The emergence of George Washington has been one of the joys of this season, not simply making regionals as they did last year but spending most of the season in the top 25 and becoming a realistic threat for 196s. With none of the current lineup routines coming from seniors and the majority of important scores coming from sophomores, there’s every reason to expect George Washington’s ascent to continue next season and for seasons after. Making some real noise at a regional competition is still several steps away, but individual qualification is a realistic possibility. It will also be interesting to see how vaults like Winstanley’s are scored in the same meet as Gnat, Jay, Rogers, etc. How is hers evaluated directly against the name-brand vaults?

Michigan State was the very last qualifier to regionals, enduring a nail-biting day to stay ahead of NC State by the slimmest of margins. Qualifying was the victory, but MSU has produced some impressively 49 floor rotations over the last couple weeks, so check them out as a team that could/should finish in the top three on floor, especially with ending on that event. A relatively competitive team total that challenges the high 195s is not out of the question in spite of qualifying in 36th.

If Georgia doesn’t make it, then Brandie Jay is of course a likely AA qualifier (Rogers would be as well, but it seems she’s off floor now that Reynolds is back), but if we assume that LSU and Georgia qualify to nationals as the two teams, things get a little interesting. Maddie Gardiner would be expected to take up the Official Chelsea Tang Individual Spot now that Tang has graduated, but Arizona doesn’t compete an AAer, opening up what looks like it’s going to be a guaranteed AA spot for one of the two lowest-seeded teams.
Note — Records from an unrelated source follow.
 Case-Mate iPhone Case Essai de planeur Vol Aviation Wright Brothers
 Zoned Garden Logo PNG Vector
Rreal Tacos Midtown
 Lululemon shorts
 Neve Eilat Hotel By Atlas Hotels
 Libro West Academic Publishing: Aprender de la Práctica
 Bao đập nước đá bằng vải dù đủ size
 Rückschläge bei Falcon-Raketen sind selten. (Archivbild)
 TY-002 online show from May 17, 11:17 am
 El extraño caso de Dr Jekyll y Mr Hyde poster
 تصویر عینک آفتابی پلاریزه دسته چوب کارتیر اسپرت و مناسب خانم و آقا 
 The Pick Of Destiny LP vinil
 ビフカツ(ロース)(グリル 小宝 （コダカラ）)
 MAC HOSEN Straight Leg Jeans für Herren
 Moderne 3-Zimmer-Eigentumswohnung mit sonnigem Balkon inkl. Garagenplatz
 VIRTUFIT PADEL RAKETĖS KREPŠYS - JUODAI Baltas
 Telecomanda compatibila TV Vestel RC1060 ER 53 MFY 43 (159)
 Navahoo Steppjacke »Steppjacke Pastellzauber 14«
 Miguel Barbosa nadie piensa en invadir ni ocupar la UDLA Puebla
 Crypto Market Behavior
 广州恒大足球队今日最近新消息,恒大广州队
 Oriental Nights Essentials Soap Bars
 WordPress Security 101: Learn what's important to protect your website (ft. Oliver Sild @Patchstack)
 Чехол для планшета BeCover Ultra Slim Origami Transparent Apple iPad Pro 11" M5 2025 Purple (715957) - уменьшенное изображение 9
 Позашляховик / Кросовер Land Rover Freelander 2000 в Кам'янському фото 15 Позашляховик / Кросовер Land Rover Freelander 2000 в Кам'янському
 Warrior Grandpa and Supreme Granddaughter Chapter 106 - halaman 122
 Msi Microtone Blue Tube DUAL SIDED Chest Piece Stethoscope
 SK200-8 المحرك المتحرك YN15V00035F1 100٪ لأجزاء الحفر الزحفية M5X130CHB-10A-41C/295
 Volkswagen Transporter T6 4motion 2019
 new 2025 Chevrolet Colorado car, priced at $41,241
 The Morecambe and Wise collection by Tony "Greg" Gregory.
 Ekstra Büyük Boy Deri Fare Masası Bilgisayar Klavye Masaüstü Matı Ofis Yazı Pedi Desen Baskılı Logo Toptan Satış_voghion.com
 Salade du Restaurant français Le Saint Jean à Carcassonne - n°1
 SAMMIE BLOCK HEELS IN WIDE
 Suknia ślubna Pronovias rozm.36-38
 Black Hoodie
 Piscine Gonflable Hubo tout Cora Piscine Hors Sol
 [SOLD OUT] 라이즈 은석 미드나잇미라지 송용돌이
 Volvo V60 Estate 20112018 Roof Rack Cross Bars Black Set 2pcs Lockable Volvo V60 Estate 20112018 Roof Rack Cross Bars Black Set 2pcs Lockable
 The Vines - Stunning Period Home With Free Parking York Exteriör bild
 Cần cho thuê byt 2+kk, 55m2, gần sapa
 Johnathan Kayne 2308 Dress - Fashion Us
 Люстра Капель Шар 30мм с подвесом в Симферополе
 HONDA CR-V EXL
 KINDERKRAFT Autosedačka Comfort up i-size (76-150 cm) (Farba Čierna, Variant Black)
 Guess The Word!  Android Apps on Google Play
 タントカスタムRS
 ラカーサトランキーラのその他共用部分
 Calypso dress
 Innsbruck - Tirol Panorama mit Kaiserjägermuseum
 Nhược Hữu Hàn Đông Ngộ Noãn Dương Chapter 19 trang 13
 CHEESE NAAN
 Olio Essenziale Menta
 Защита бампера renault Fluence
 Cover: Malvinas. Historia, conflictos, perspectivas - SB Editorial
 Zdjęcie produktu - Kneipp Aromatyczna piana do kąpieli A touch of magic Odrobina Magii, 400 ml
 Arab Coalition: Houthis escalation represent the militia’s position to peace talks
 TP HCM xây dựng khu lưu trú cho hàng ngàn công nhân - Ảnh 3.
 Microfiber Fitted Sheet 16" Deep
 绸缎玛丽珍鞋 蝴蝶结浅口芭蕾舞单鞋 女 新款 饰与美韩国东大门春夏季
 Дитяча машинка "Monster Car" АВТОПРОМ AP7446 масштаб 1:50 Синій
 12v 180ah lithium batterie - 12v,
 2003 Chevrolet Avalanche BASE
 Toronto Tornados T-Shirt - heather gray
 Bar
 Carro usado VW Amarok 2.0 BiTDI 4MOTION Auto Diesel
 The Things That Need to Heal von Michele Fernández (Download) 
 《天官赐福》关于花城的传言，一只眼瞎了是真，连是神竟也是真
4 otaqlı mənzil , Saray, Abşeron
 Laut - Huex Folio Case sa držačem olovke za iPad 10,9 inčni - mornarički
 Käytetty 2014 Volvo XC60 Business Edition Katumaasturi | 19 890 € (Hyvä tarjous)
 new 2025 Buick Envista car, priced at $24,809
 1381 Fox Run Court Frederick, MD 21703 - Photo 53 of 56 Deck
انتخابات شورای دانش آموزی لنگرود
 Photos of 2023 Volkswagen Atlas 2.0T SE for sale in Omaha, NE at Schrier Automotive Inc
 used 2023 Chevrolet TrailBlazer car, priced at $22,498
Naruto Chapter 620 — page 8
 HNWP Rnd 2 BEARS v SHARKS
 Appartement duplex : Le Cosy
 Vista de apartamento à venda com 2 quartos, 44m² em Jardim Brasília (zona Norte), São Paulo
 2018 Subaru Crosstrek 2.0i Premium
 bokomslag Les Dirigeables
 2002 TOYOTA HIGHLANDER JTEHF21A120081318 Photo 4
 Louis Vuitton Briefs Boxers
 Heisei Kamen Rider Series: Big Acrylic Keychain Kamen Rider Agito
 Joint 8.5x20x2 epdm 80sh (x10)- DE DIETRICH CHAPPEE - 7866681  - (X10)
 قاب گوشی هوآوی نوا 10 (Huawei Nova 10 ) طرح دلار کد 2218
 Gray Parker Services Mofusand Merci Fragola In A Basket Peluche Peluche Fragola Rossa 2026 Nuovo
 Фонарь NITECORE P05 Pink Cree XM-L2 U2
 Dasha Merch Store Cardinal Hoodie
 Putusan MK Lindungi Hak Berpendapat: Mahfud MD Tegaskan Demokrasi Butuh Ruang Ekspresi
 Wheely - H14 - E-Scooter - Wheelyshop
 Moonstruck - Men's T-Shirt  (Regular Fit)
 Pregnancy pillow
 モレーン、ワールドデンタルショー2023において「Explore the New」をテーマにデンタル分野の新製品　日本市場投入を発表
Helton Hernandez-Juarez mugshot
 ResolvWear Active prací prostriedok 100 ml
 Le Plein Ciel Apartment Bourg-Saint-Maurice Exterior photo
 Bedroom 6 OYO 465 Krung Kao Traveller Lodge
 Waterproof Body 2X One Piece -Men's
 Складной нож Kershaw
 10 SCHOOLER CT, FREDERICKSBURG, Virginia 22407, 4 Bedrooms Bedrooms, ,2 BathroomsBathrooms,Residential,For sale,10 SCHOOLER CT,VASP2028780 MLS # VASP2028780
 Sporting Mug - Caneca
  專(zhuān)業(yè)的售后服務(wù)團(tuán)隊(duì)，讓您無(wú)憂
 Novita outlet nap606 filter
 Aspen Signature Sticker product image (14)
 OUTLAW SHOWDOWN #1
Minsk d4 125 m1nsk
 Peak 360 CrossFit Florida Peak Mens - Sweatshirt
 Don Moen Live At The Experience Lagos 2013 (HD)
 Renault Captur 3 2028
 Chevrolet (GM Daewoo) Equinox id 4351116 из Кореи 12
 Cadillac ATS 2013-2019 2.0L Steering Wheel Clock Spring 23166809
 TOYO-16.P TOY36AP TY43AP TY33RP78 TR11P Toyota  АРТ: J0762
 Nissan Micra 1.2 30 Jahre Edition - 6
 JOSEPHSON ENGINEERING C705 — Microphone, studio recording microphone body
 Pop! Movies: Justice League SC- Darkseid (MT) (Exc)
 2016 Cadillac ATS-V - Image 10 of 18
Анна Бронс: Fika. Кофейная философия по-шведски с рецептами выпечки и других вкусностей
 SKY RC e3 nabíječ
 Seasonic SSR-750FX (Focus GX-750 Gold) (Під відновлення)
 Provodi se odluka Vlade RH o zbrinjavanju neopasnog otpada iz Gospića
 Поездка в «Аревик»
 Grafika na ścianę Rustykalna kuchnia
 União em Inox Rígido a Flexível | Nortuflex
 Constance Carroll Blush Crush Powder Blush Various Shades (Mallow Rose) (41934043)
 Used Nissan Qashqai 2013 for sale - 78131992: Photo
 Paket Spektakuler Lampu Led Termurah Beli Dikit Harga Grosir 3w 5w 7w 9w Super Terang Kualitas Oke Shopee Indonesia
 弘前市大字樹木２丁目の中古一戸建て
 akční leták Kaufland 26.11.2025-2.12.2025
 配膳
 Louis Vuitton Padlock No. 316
Last year, Cami Drouin-Allaire of GWU pulled off the big upset by qualifying to nationals as an individual, and this year it looks like she and Jillian Winstanley could be in an intra-team battle for an AA spot once again. The two have been swapping places as AA winners and scoring very equivalent totals all season, so it could go either way. Keeping an eye on the back-and-forth scores for those two will be an interesting side story at this regional.

I also wouldn’t discount Lisa Burt of Michigan State who has saved the meet for that team more times than can even be counted over her career. She’s very capable of 9.850ing her way to a strong total. The fourth option for that final spot is probably DeMoura for George Washington, but her scoring potential tends to be a touch lower than that of Drouin-Allaire and Winstanley, so if George Washington is having a good day, expect the CDA and Winstanley totals to be the more competitive ones.

But unless things get really crazy in this competition, it looks like there will be just six AAers (add in Brittany Holmes of MSU) who don’t qualify with a team and are fighting for those two spots, five of whom come from the lowest seeds, so it won’t take all that many mistakes for any of the six to sneak in.

2 thoughts on “Georgia Regional Preview”

  1. If Brittni Watkins stays on beam, I think she's got an excellent chance of nabbing an AA spot. She made nationals last year and she's had a strong second half of the season aside from some Georgia-like beam miscues.